Parce qu'il y a fort peu à parier qu'avant la fin de janvier quelques bons voeux retardataires prennent le chemin téléphonique de mon humble demeure. Mais pourquoi subitement s'attacher à une telle politesse aussi formatée et abyssale que celle-ci ?
Eh bien, en toute réalité, c'est juste façon pour moi de mettre en exergue l'occulte inanité qui peut quelquefois caractériser les relations que nous développons par procuration. Je souhaite ici d'avantage appuyer sur la vanité des choses que sur celle, à proprement parler, des gens. Sans compter que, dans le cas qui m'occupe ce soir, j'ai véritablement de l'estime pour ceux que j'ai fréquentés. Pas de crachat dans la soupe ; je suis très bien élevé.
Aussi, j'en veux pour éclaircissement la petite troupe sartenaise que j'ai féquentée une saison durant suite à mon collage d'automne. Alain et sa bande d'amis, tous issus du même milieu professionnel, passionnés et passionnants, quasiment du même âge, voués à se croiser le jour, se rencontrer le soir et boire un peu, si peu, la nuit en refaisant leur monde. Un plan simple, en fait, comme celui que nous pouvons trouver chez chacun de nous. Sauf que, lorsqu'un élément initialement célibataire ne l'est plus, que faire ?

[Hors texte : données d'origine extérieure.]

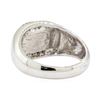 Image 3 : 9.06 ctw Sapphire and Diamond Ring - 14KT White Gold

Rien, ou plutôt tout, en fait. On l'accueille à bras ouvert, on lui sert un verre ou davantage (en ce qui me concerne, c'est plutôt davantage et c'est d'ailleurs proportionnel à l'excellente compagnie), on lui demande comment il se prénomme, où il habite, ce qu'il fait... Pas exactement le questionnaire de Proust pour autant ; simplement les civilités d'usage...
Et après tout reprend. En d'autres termes, les conversations restent les mêmes, ce qui tend à devenir ostracisant lorsque, à mon instar, l'on est titulaire d'un petit poste de petit agent dans un petit hôpital local. Difficile de faire rêver son monde avec des cartes de Sécurité Sociale, si m'en croyez !
Pas exactement complexé cependant puisque je sais parfaitement parler d'autre chose lorsqu'il le faut. Le seul hic, c'est que je n'ai plus à mes côtés le talent de lancer le sujet qui fédère. Je suis devenu, avec le temps et les mauvaises expériences, bien plus passif qu'actif dans cet art délicat de la socialisation. Du coup, je finis par subir les apartés, les private jokes et les comptes-rendus de la semaine que ces gens-là auraient tendance à faire bien malgré eux. Et c'est là où se révèle l'entière quintessence du fond même de ce qui nous lie ensemble, à savoir ce seul autre que chacun fréquente à sa façon, moi bibliquement, eux au moins professionnellement voire amicalement.
Voici dès lors deux bons mois que je me suis évadé du jour au lendemain de cette histoire et pas un seul signe spontané, pas une seule recherche de ma personne, rien qui ne ressemble à la prise de température qu'une rupture, aussi douce soit-elle, pourrait laisser induire.
La vérité est bien là, flagrante et criante : sans lui, je ne suis rien. Et réciproquement, je suppose, au vu de mon propre silence, de ma léthargie de bon aloi.
Faut pas se leurrer lorsque l'on est une plante verte et que l'on aimerait jouer les séquoias : on ne vous voit pas, on vous pose simplement dans un coin en attendant que ça pousse... Ou que ça passe.